Don’t be shortsighted!

The mistake we always make with our investments is that either we are very impatient, or we do not remain invested for long enough. We always have to be in it for the long term to see meaningful results.

IV. Learn Mathematics, and about the economy

Photo by Jeswin Thomas on Unsplash

Trigonometry or Algebra or Laplace Transform or Differential equations — you don’t need to know any of it. But we must at least understand as to how interest rates work, and how banks use that to our disadvantage.

When talking about the economy, we must know about financial terms such as GDP, inflation, interest rates, etc., and what these mean to us. Also, we must know what are the typical returns for index funds — be it Nasdaq, S&P, Dow Jones, or any other country, etc.
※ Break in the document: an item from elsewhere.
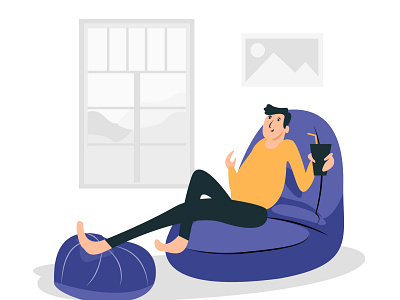 Relaxing at home illustration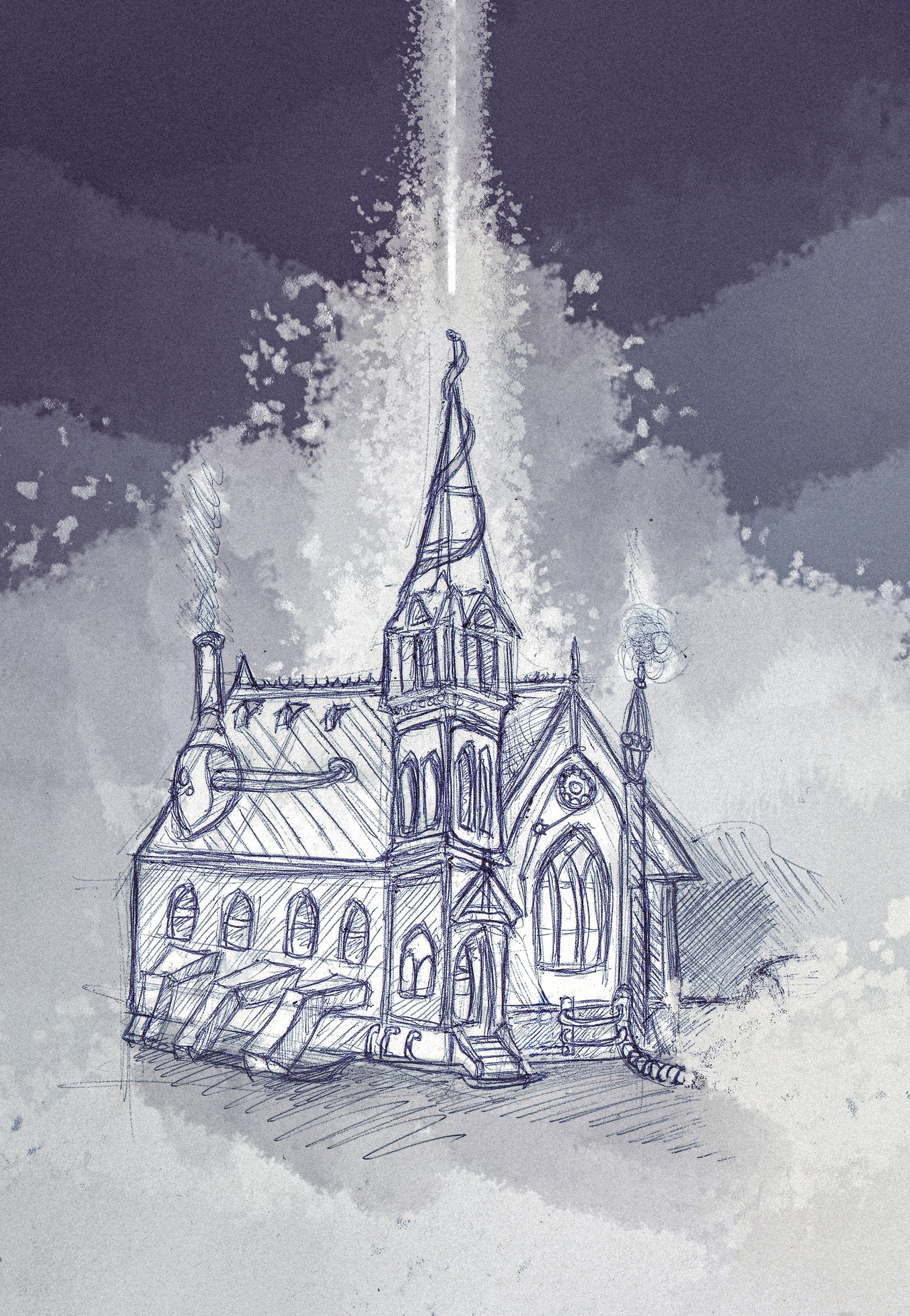 Painting of a church with a steampunk theme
V. Pay for knowledge, and maintain a learning curve

If you have been investing for years and have a sizeable portfolio, there is no harm in paying for subscription services. I personally use quite a few such as Motley Fool, Seeking Alpha, and Simply Wall St. for my analysis, and always try to read what other financial analysts are recommending.

And, like any other field, it is very important to continuously maintain a learning curve. Over the past 4 years, I have spent a lot of time learning about stock markets, real estate, Bitcoin, farmlands, leverage trading, etc.

VI. Always have an investment hypothesis

An investment without an investment hypothesis is just gambling and should be avoided at all costs. 99% of Bitcoin investors cannot explain what Bitcoin and Blockchain is.

Each investment thesis has to be backed by a certain methodology or research, and one must stick to it.

And there is absolutely no harm if one of your investment theses goes wrong.

For me personally, this happened with Tesla. I first started reading about this stock around the first half of 2020, when the stock was trading at around ~$700. Post my research, I was not convinced that I should be investing in this. Eventually, the stock just boomeranged to $2000 and even higher.
But I never regretted not investing in it and stood firm by my hypothesis.


Today it has been close to four years since I started investing, and I cannot stress enough the importance of personal finance management.

If you are already not managing your savings and investments properly, I would request you to sincerely think in this direction.

Appropriate money management can help you reach your retirement fund goal at least 10 years earlier.


Besides, every day I am so grateful for the conversation that I had with my younger brother. I might be the one with better grades, but he definitely has taught me something very valuable and important. On a separate note, he is the one who also convinced me to write on Medium!

I wonder why my mother loves me more than she loves him 😃.